We cannot do everything! Over the last year my struggles with both physical and mental health have forced me to recognise this in a new way, I knew it of course, but I didn’t often live it out, it is so easy to say yes! To begin with I was really annoyed with my unhealthy state, I wanted to be out and doing, but over the last few months I have slowed down, I have read a number of books, I have filled 3 journals and I have established a regular devotional time. All these of course are things I would say that I should be doing anyway, and while I tried to squeeze them in, life often squeezed them out, and then I would feel guilty, and end up running on empty! The difference is now that I want to spend time reading playing and reflecting, I want to seek God again, and that is my priority.
So, if seeking God is going to be my new way of being I will have to add the word no back into my vocabulary! My grandson is a good role model here, he says and means no! I don’t recall Scripture recording Jesus saying no very often, he was even persuaded to praise the faith of the Syrophoenician woman, and heal her daughter! He did however take time out to pray, and to simply be, was it easier for him, no internet, no mobile phone and no cars etc, and yet word got around, and crowds followed him! Making time to seek God was his priority, strange when we also record that he was God, the relationship mattered, Creator, Son and Spirit wanted to spend time together, and we are invited right into that relationship and prayed for, that we might be one as they are one! Goodness what a difference that would make! It might be worth reflecting that Jesus didn’t go everywhere and heal/ teach everyone, and nor can we, but we can be a part of the story, and we can make a difference, but we won’t make a difference by being scattered and stretched. As Romero says, we need to find the something to do really well!
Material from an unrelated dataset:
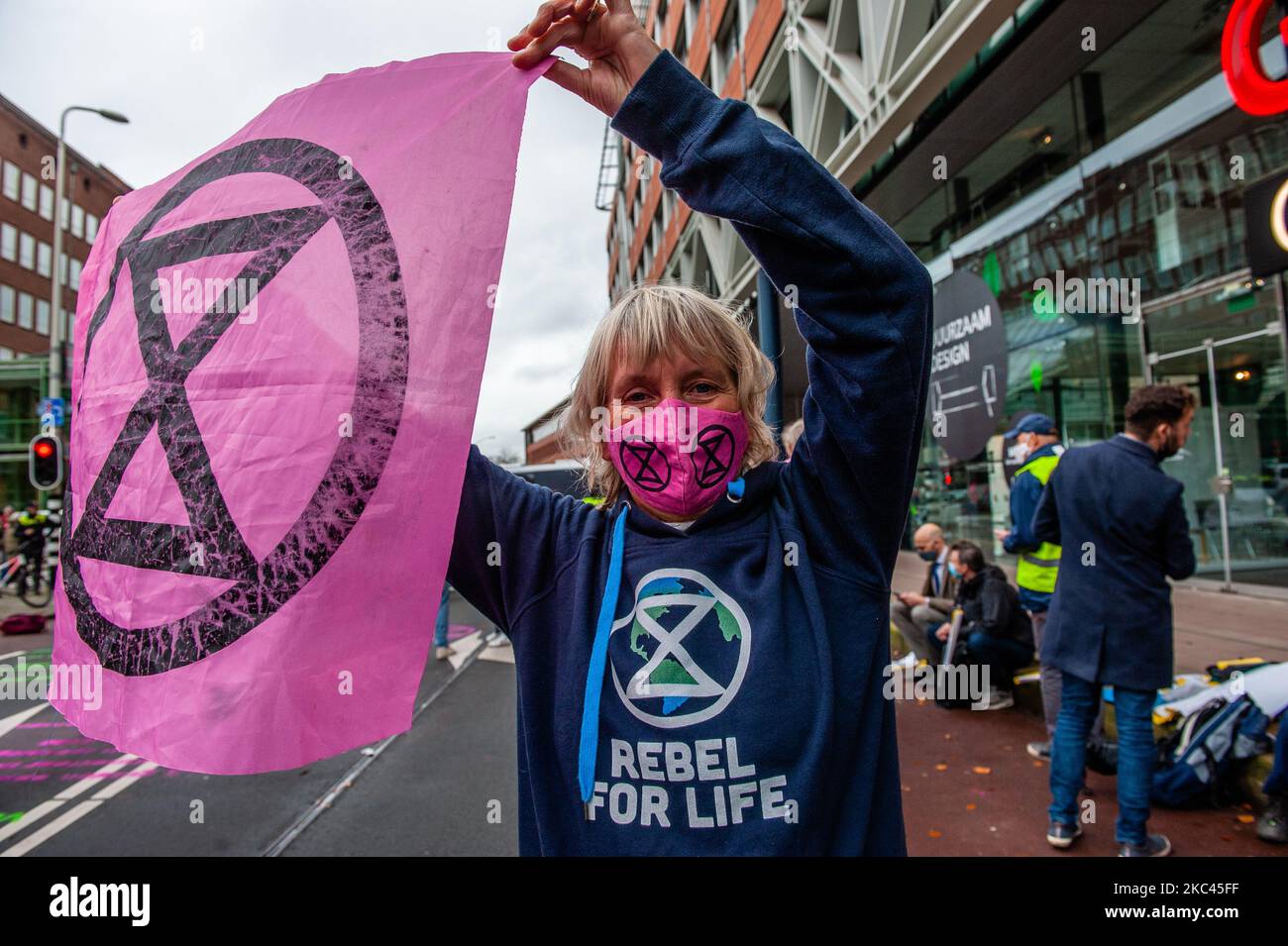 November 17., Den Haag. Mehrere Extinction Rebellion-Aktivisten und mit Hilfe der Dramatikerin Maria Goos und der niederländischen Schauspieler Sieger Sloot und Michiel de Jongdemand führten eine disruptive Aktion außerhalb des Gebäudes des Wirtschaftsministeriums und der Klimapolitik durch. Die Aktivisten fordern, dass die Subventionen für fossile Brennstoffe sofort gestoppt werden und die Gruppe fordert zudem die sofortige Freigabe der sogenannten Shell Papers. Während der Aktion versuchten die Aktivisten, das Gebäude zu erreichen, aber sie konnten das Gebäude wegen der hohen Polizeipräsenz nicht erreichen. Die Aktivisten beenden die Blockierung des Verkehrs, in Stockfoto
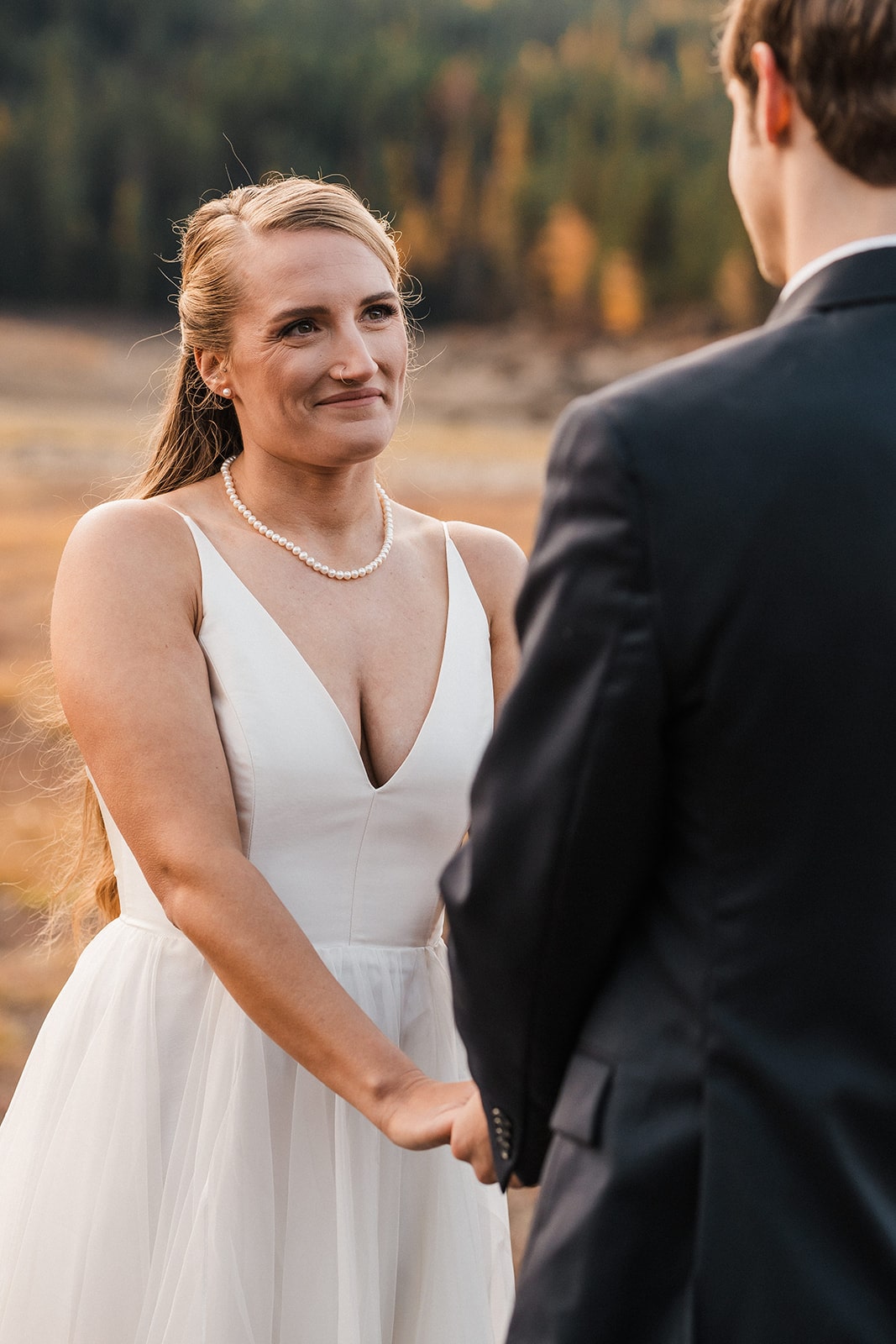 Bride and groom hold hands during their outdoor autumn wedding ceremony in Washington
I wonder what I do well, and then I wonder if it is something worth doing, shouldn’t I be out there making a difference, like solving world hunger of creating world peace? ( Good answers if you want to be Miss World apparently!) Well no, but I can be a part of it, starting where I am and choosing how to live with integrity. I can start by loving those around me, by practicing what I preach, by caring for myself so that I can care for others, and that includes taking time out! I can find the one thing that helps me to be the person I believe that God is calling me to be, not someone who is stretched and exhausted.
So today, the 27th April 2022, I want to claim the lessons of the last 2 years, and I want to find that something to do really well, that will be my drop added to the ocean of drops that will make a difference. I pray that you too will find the one thing that makes a difference to you.